I have a few friends who are pregnant with baby number one. I can’t help but think back to that time myself. I felt good, I felt nervous and I wanted to be the perfect mom. This is why I read book after book “learning” how to be the perfect mom. I paid attention to breastfeeding advocates who wanted me to breastfeed my daughter until she was two, and those who believed that my epidural would surely cause my child and I lifelong harm. I watched in wonder as moms whipped up homemade organic baby food and had their babies fast asleep every night by 7 pm on the dot. I listened to the co-sleepers and wondered how one could survive never having time for themselves… not even while sleeping.

I was in labor with Mia for 30 hours and insisted on pushing forward because I was “smart” and was surely outwitting  insurance companies who just wanted me to have a c-section to make money. When at 30 hours, I had a near emergency c-section, I realized that while outsmarting the insurance company, I could have killed myself and my child.
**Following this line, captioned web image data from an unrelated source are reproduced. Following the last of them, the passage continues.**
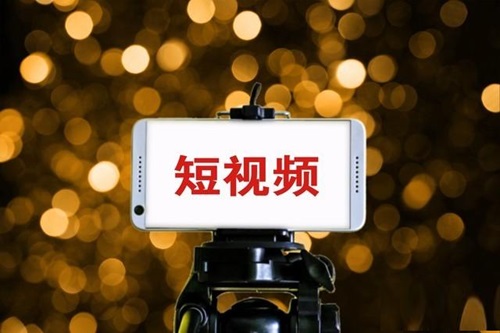 抖音怎么打标签才能精准推流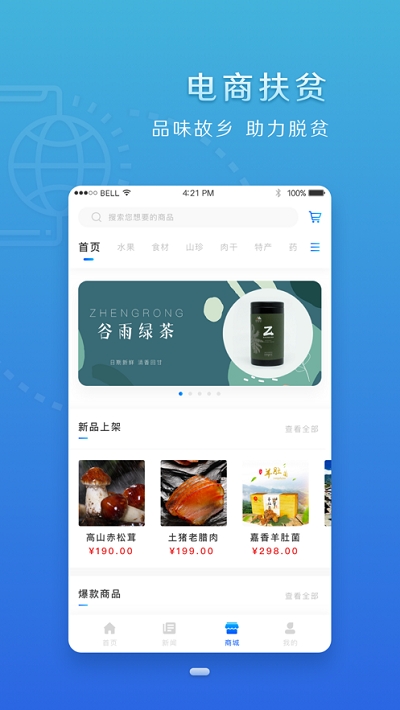 四川扶贫app 1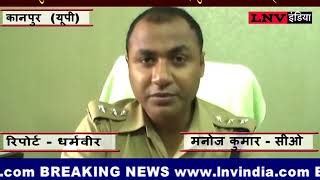 कानपुर स्टेशन को उड़ाने की मिली धमकी, पुलिस प्रशासन में हड़कंप
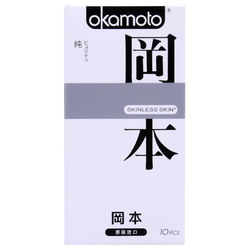 冈本超薄避孕套003白金安全套套情趣男用阴蒂刺激狼牙旗舰店0.01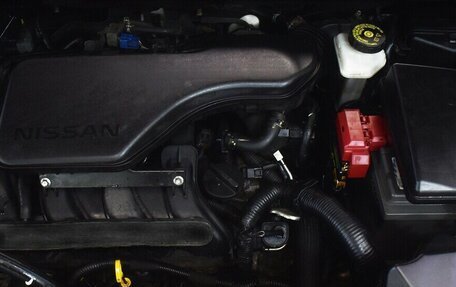 Nissan Qashqai, 2016 год, 1 350 000 рублей, 15 фотография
I know many mothers who cried for days when their infant didn’t “latch on.” Part of me thinks they were crying not because they couldn’t breastfeed, but because they felt like a failure to society. That makes me sad. I had many disapproving looks when I supplemented with Mia because I just needed a break. Was it wrong for me to need a break?

A child made a comment to me last week about McDonalds. The mom feverishly explained that they never ever go to McDonalds, it was just a one time thing. Who cares! Kids like a chicken nugget every now and then, and it’s not going to kill them.

The other day one of my friends paid me a compliment that might be the
best I have ever received. She said she believed my parenting style was authentic and that I was really “me” as a mom instead of who I “should be.” That makes me very happy because it has taken a long time to get here. It has taken a long time to let the outside influences go.

So as parents, let’s talk. Let’s be honest. Let’s admit to our feelings and stop trying to put on a show. We are all different, all babies and children are different, we all need different things to sustain our quality of life. And, it’s okay.